Our guide was a young boy at the time. He has enough memory of life in the countryside – since his urban family was sent away to the fields (every Phnom Penh resident was expelled) – to draw some basic conclusions in hindsight. The only way to live was to be part of a group. If you were somehow abandoned, or found yourself alone when your friends and family disappeared, you were as good as dead because you didn’t have the skills to survive alone.


An established group was not necessarily family members since that unit was often scattered. A group formed for mutual, cooperative benefit, foraging for insects or anything to feed upon.

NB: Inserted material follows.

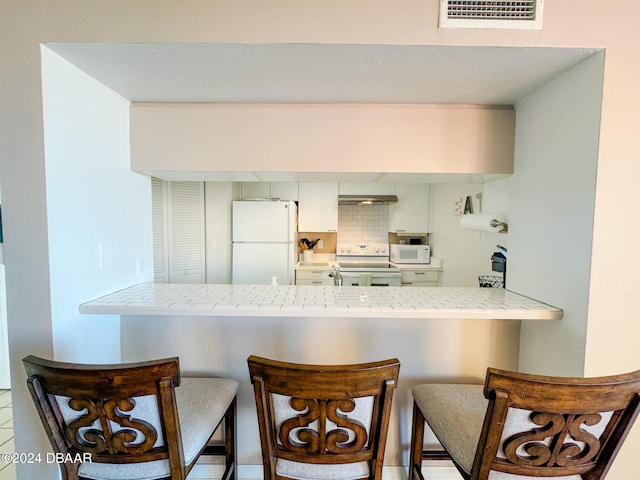 kitchen with tasteful backsplash, kitchen peninsula, white appliances, and a breakfast bar area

And a stranger wandering into their midst would be sent away. He could be a spy. The group could suffer. Our guide was in such a group. He’s about fifty now.

At our hotel, the head of the restaurant told me he lost his older sister in those years. His eyes moistened. He was also very young at the time.

I don’t see many old people.

How people lived through those years is always on my mind in this country.  I didn’t need to tour the Killing Fields or the prison to raise the question. I had read the book First They Killed my Father the first time I came to Cambodia. I have the gist of the events in mind. It’s just that this time, in 2019, I’m oddly more fascinated about how a peaceful society slips into, and endures, a murderous, factious, episode. What are the signals? Isn’t it curious how it started with a transition that was perfectly legal? Isn’t it curious how journalists were among the first to be persecuted? Didn't anyone notice an elephant in the room?